Hearing the commotion, Gretchen, a fausse Valley Girl from the Illinois prairie, appeared at the door and said, "Grody to the max."
Not much gardening can be done while lying down which is a pity because lying down is comfortable, but the real issue is onions. Onion sets can be planted long before the last frost amidst patches of snow and mud after the ground has thawed. That's a real plus for Flagstaff's short growing season, like three months. Happily, I had prepared my onion beds the autumn previous.
Onions like a humus-laden soil rich in nitrogen and plenty of water which means that the soil in raised beds should be prepared in the autumn with lots of compost, blood meal, and a balanced fertilizer. High nitrogen fertilizer should be applied a couple of weeks after the sets have been planted and bi-weekly thereafter. Since water is dear, the best way to plant them is in a trench. In that way, they get plenty of water with none of it wasted.

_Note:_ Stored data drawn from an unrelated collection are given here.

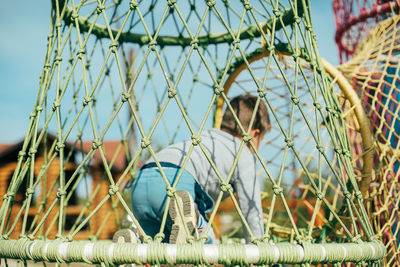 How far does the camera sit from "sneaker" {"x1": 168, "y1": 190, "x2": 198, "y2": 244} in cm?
126

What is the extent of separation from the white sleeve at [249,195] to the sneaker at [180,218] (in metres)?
0.26

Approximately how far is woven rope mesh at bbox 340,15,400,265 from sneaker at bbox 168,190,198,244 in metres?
1.12

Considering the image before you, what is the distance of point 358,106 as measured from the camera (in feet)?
6.47

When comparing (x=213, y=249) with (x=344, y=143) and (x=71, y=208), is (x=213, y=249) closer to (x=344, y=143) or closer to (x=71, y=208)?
(x=344, y=143)

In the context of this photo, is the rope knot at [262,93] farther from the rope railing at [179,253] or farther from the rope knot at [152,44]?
the rope railing at [179,253]

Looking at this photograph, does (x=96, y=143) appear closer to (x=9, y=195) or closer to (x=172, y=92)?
(x=172, y=92)

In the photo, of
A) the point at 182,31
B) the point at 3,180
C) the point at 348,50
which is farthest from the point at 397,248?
the point at 3,180

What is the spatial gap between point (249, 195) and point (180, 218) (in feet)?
1.19

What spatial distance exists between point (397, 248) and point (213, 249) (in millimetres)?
1455

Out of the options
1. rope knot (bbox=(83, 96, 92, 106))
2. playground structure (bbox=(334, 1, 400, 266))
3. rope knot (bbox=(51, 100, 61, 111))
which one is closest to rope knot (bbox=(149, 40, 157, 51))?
rope knot (bbox=(83, 96, 92, 106))

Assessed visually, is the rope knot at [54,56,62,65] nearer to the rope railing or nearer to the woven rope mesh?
the rope railing

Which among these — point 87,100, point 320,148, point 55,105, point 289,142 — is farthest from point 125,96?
point 320,148

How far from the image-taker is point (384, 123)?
2322mm

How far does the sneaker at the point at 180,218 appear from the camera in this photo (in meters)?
1.26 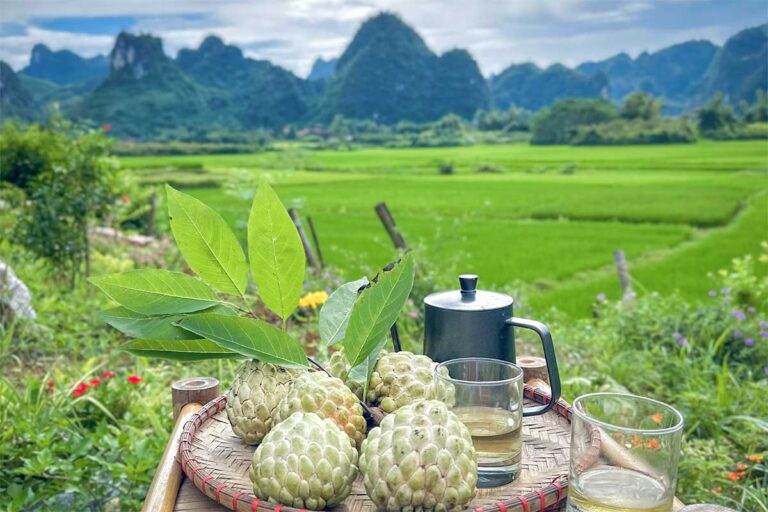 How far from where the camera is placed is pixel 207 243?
1.35m

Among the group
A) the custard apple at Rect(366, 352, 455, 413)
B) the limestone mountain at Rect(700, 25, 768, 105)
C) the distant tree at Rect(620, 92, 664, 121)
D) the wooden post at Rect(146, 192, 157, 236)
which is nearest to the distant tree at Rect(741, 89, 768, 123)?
the distant tree at Rect(620, 92, 664, 121)

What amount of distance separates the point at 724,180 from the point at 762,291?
40.9 ft

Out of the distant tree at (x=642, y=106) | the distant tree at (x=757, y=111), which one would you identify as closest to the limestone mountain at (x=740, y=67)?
the distant tree at (x=642, y=106)

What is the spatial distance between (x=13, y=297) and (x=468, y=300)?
4.23 meters

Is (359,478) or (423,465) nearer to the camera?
(423,465)

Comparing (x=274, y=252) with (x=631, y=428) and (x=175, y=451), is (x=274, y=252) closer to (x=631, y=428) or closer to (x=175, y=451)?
(x=175, y=451)

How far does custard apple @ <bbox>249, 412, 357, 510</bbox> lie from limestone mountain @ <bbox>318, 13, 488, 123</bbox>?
41.4 meters

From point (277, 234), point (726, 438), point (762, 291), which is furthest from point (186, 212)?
point (762, 291)

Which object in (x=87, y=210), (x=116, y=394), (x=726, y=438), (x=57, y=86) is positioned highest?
(x=57, y=86)

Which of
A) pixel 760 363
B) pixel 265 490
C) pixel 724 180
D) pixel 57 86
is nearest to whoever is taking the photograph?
pixel 265 490

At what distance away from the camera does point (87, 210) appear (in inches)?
229

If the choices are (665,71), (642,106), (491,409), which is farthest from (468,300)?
(665,71)

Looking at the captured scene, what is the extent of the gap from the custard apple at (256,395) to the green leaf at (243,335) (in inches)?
2.6

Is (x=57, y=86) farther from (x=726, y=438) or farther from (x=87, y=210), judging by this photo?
(x=726, y=438)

Planting them in March means that the gardener will have onions the middle of June just about the time of the last frost. Not only will the gardener have them early, but they will be far and way better than anything "boughten," so mild they can be eaten like a tomato just off the vine only just pulled from the ground, washed and trimmed. Make sure your lover eats onions, too, else it'll be "a cold night in a hot town tonight."
Onions mature by the length of sunlight in a day which means onions can be categorized as long day, intermediate day, and short day varieties. Vidalia onions are short day, growing well in the South. Walla-Walla are long and intermediate, but best as long in the North. Flagstaff is intermediate, onions beginning to grow their bulbs with 12-13 hours of sunlight, March 19 being the beginning 12 hours of sunlight in Flagstaff. Like anything else onions do better where they fit in with the horticultural climate.
Onion sets are best planted 5 inches apart, but if a gardener likes green onions, they can planted 3 inches apart and every other one can be harvested early, leaving the others to grow into large globes in July and August.
If the local commercial nurseries don't stock sweet onion sets fit for Flagstaff, they can be ordered through the Internet, such as Brown's Omaha Plant Farms at http://www.bopf.com. It's best to order them in January for shipment in March.
I've had the best luck with the hybrids: Candy, Red Stockton, and Superstar. One year I became over-heated and planted 405 sets, not something I would recommend. Fanaticism has its penalties, but not a fresh sweet onion.